Climbing ropeless is a feat most climbers won’t attempt because there’s no room for error; even the tiniest misstep can have fatal repercussions. Honnold’s climbing peer Tommy Caldwell compares the El Capitan free solo attempt to the Olympics of climbing. But “if you don’t get that gold medal,” he says, “you’re going to die.”
Honnold knew the film would chronicle his El Cap attempt but didn’t realize that his personal life would become its true focus, as a fair portion is spent understanding who Honnold is as a human and what drives him to pursue his deadly dream.
“I knew they were interviewing me, Sanni [Honnold’s perpetually sunny girlfriend] and my mom,” he says. “But it wasn’t until I saw the final film that I realized just how in-depth it all went.”
When Honnold and I spoke, nominations for the Academy Awards had been announced the day before, and he was still in a state of excited disbelief.
“It’s crazy,” he marveled. “I'm not a filmmaker, and I've never been a big cinephile or anything, so I think it means a lot less to me than the filmmakers. I mean, everyone else involved in the film is so excited about the Oscar nomination, as they should be because it's an amazing recognition of the hard work they put into it. I wasn't the one sitting in the editing bay, slaving over the footage for years.”
Honnold reveals that he initially started climbing free-solo because he felt too socially awkward to ask others to climb with him, But perhaps his newfound fame has succeeded in drawing him out of his shell. When we spoke via phone, he was in London promoting the film, and was cheerful and charming (“I'm actually walking past Big Ben as we speak. This is so awesome!” he crowed).
Honnold shares that as he’s traveled the world promoting the film, he’s spent a lot of time in climbing gyms and meeting fellow climbers.
“I met somebody in the gym 30 minutes ago who said that he was never a climber, he saw the film two days ago, and was here at the climbing gym because he saw the film and was like, ‘I've got to give this a try!’”
Honnold adds, “One of the really great things about getting people out climbing, or inspiring people to go climbing, [is] because it just winds up seeing them care more about the environment in general. Or care about our national parks.”
The climber reveals that another benefit of the film’s success is the attention it has brought to the Honnold Foundation, a non-profit that he created to support solar projects worldwide.
“That's a big part of why I have a foundation, because there's no real point in being well-known if you're not doing anything useful,” he says. “We've been getting so many more donations to the foundation because of the film, and it just means we'll be able to score so many more and more meaningful projects in the coming year.”

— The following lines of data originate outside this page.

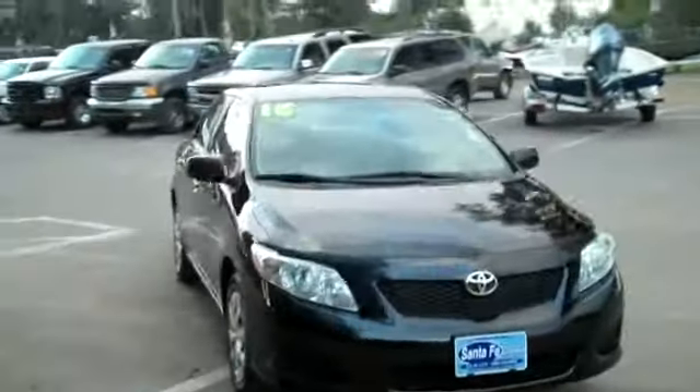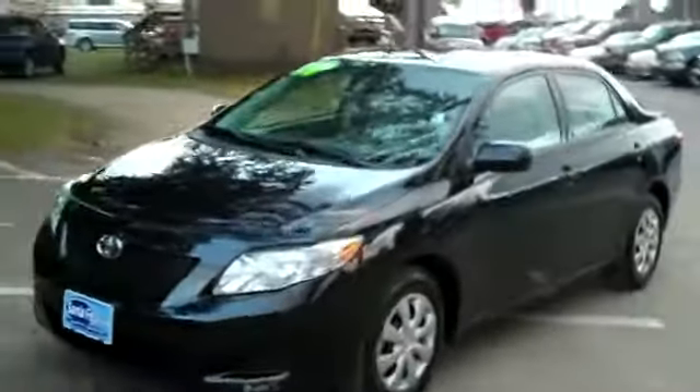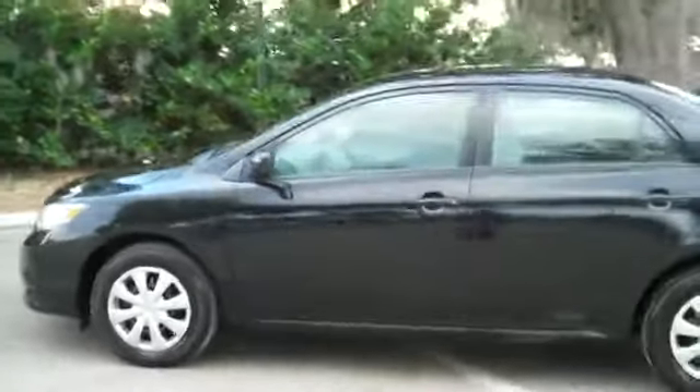Hi, it's Jen here with the 2010 Toyota Corolla. I'd also like to let you know we have a huge inventory and you can check it out online 24/7 by visiting SantafeFord.com. Plus, you can get the free Carfax and see some still shots of this car.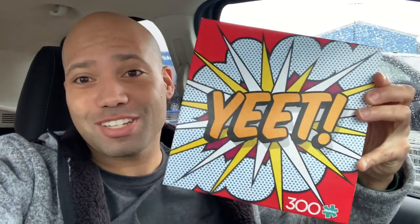All right guys, I'm doing a quick experiment. I'm going to see if you can take a puzzle back to Walmart. Two days ago I came up here and I said yeet — because that's exactly what the puzzle says. And I saw that it was 300 pieces and it looked a little difficult based on the design, but 300 pieces, hey, can't go wrong.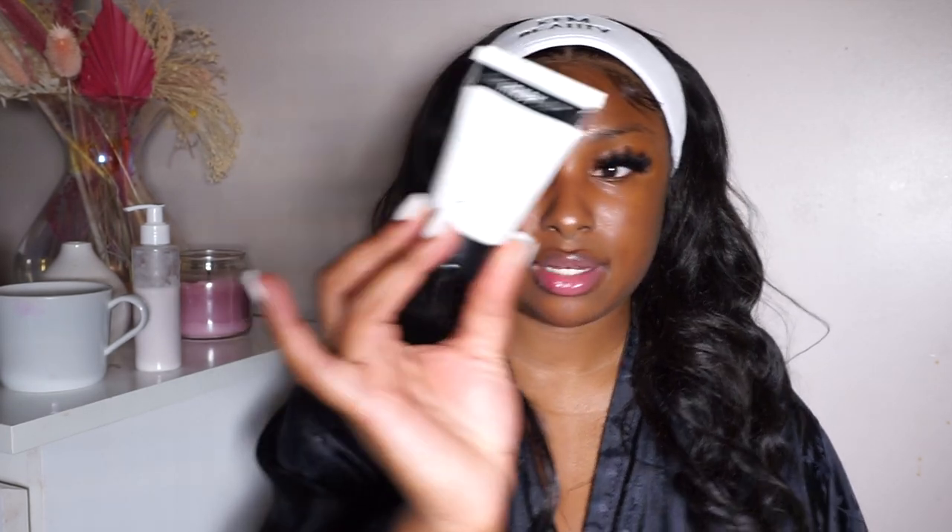After washing off the clay mask I'd use my alpha arbutin on my neck, forehead, and cheeks. I use the Inky List version — it's the best alpha arbutin I've used. It's really good for stubborn dark marks — the ones I've had for over a year, like my neck ones. I love a good skin brightening product. Brightening and fading dark marks is basically my obsession.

Honnold acknowledges that if he hadn’t allowed cameras to chronicle his feat, it wouldn’t have diminished the accomplishment, but he now appreciates the value of capturing it for posterity.
“Certainly, the climb would’ve been just as satisfying,” he says. “Though, now that I’ve been touring with the film for four months, I am sort of recognizing how nice it is to be able to relive one of the best moments of my life almost every night.”
In Free Solo, Honnold recounts his life as a struggling climber, living an isolated and unglamorous life in a van with his nightly meal being an 88-cent dinner from Wal-Mart.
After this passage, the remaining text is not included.